One time, I spoke with a priest who served in a ministry connected to a juvenile detention centre in Korea. It was run by the Salesian society, a catholic religious group, founded to care for troubled youth. Their ministry was mainly giving them not only care and supervision but also practical training to become carpenters and electricians.
He said that when he began the ministry decades ago, there were hardly any staff or resources. As he shared a few stories, I could not imagine how he managed to sustain the ministry. Most of the boys were rebellious, unfocused, and unmotivated, causing trouble both inside and outside the community. It made sense since most of the boys had grown up amid chaos, without parental guidance, affection, or stability. Many were neglected or abandoned, even by their own parents.
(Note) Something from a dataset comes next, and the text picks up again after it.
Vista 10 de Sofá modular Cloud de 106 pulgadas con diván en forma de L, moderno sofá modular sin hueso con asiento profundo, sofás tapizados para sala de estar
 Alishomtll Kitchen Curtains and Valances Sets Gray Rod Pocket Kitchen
In a way, their misbehavior was partly due to their bad choices and habits, but in another way, even when something good was offered, they were reluctant to receive it. They tested and resisted, trying to prove that love would not last. Their closest relationships had failed them, and it was frightening to trust again. I thought even caring for one of them would have been a challenge, but there were so many who needed help.
He said that through it all, he kept one thing in his mind: “Love them,” he said, “until they know they are loved and they are lovable.”
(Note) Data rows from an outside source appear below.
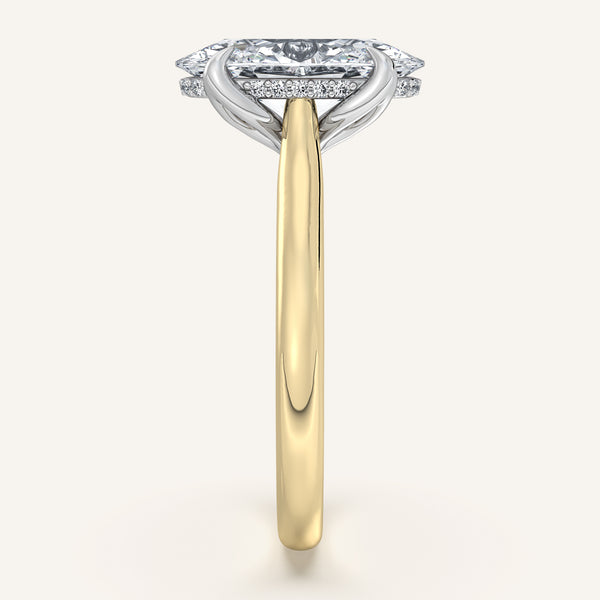 Moval Tulip Style Hidden Halo Engagement Ring | 18k Two Tone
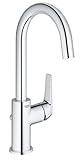GROHE Start Flow - Einhand- Waschtischarmatur (wassersparend, langlebige Oberfläche, L- Size), chrom, 23811000, Silber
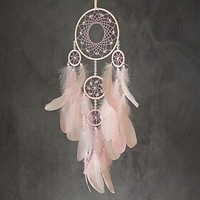Dream Catcher Handmade Gift with 5 Circles Feather Bead Flower Wall Hanging Decor Art Boho Style 1670cm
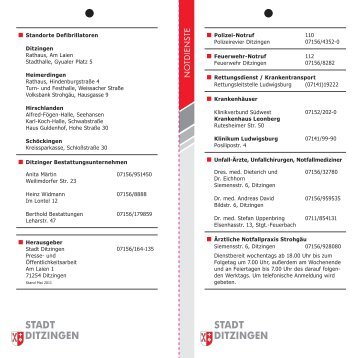 Notruftafel (PDF / 42 KB) - in Ditzingen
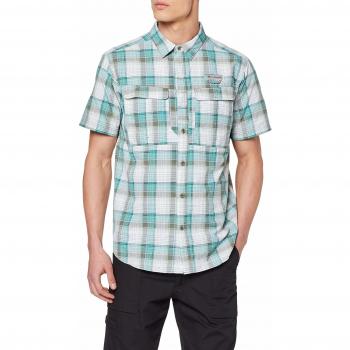 Columbia Cascade Explorer Camisa de Manga Corta a Cuadros, Hombre, Cypress Plaid, XXL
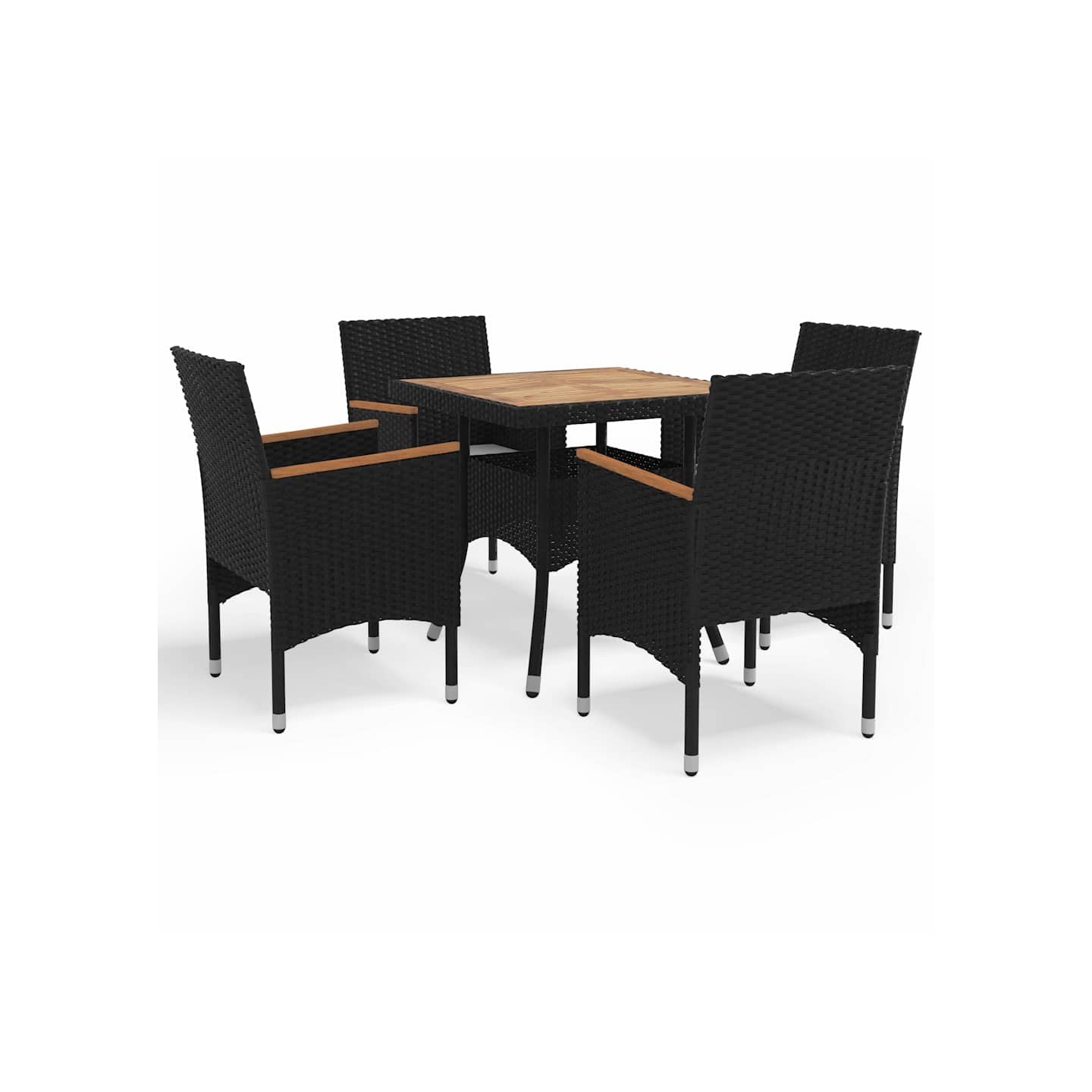 Ensemble à manger de jardin 5 pcs Noir Résine tressée et acacia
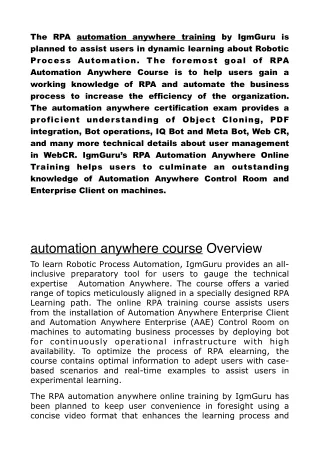 RPA Automation Anywhere Training Online Course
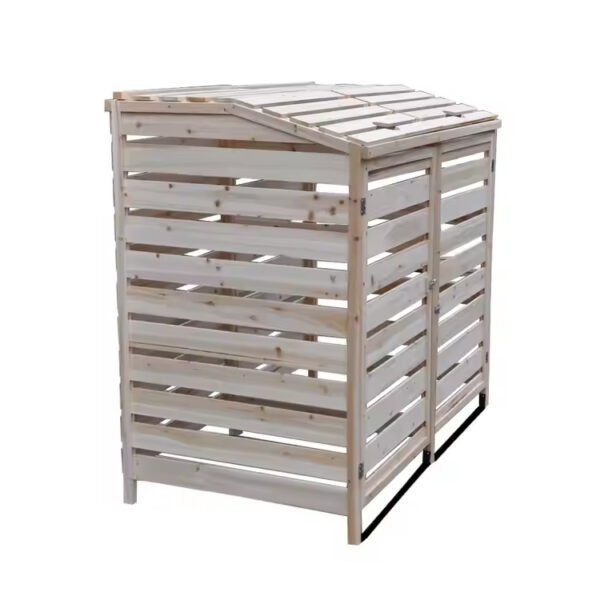 Double Wheelie Bin Storage Shed with Bi-Fold Roof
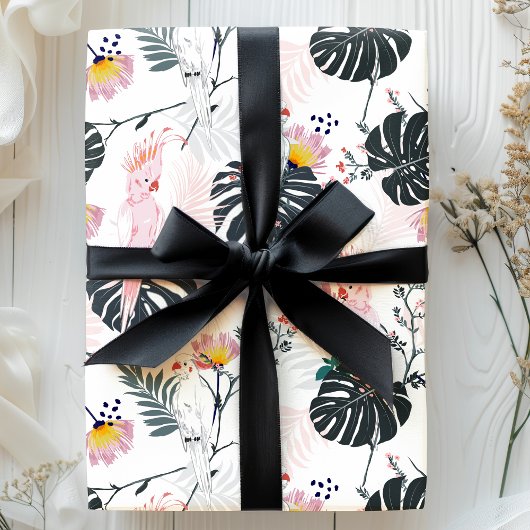 Papier Cadeau Oiseaux de perroquets tropicaux Feuilles de palmie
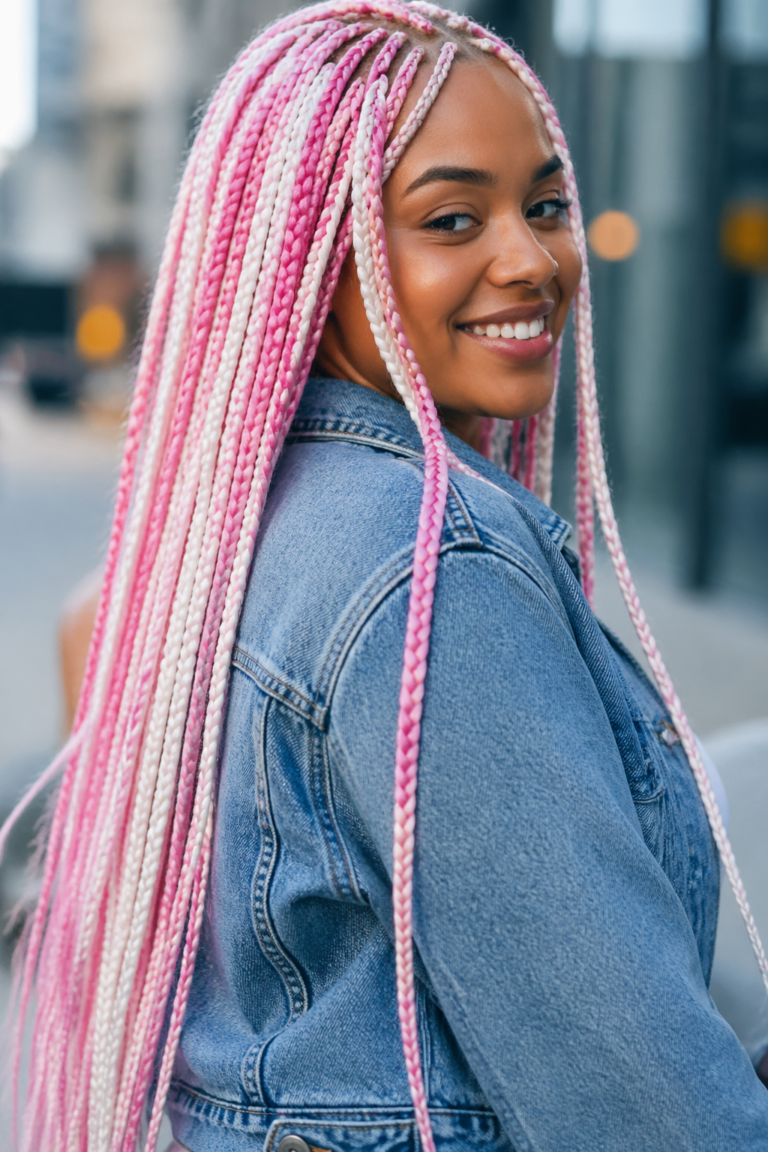 15 Pink and White Box Braids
These young men were not easy to love. But he persisted with patience, with exhaustion, with hope. He felt constantly drained, juggling their needs, running around to collect donations, trying to hold the ministry together and, most of all, refusing to lose faith in each one of them. He told me that on some nights, he was so exhausted that he had to pull his car over just to rest for a few minutes before continuing on.
Years later, when the ministry became more stable with better staff, funding, and structure, he still looked back and said, “Those were the best years of my life.” Because in those struggles, he learned what it truly means to love with nothing left to give and to trust that God was working even in his weakness.
Love is not sentimental. Love is not comfortable. Real love means putting others before your own wants, your own comfort, even your own needs. And when we walk this path, the path of self-giving love, our suffering is never meaningless. It becomes part of something larger; it is joined to the suffering of Christ.
On this Good Friday, we gaze upon the Cross and see the fullness of love: Jesus, who chose our salvation over his comfort, our life over his own. Through that love, suffering is transformed. It no longer ends in despair, but in hope. “Love them until they know they are loved and they are lovable.” Jesus lived and died as the embodiment of that love. Through his life and death, we are given new life in him.
As followers of Jesus Christ, let us remember: true love is not a reward for those who deserve it. It is a gift for those who need it most. It always risks uncertainty and suffering, but when it is rooted in Christ, it endures because we know that love by receiving it. It continues until it is completed in us and begins anew in others.
Fr. James
That is the mystery we hold today at the foot of the Cross, where love meets pain, and pain gives way to hope. The Cross is not the end of love; it is where love begins again.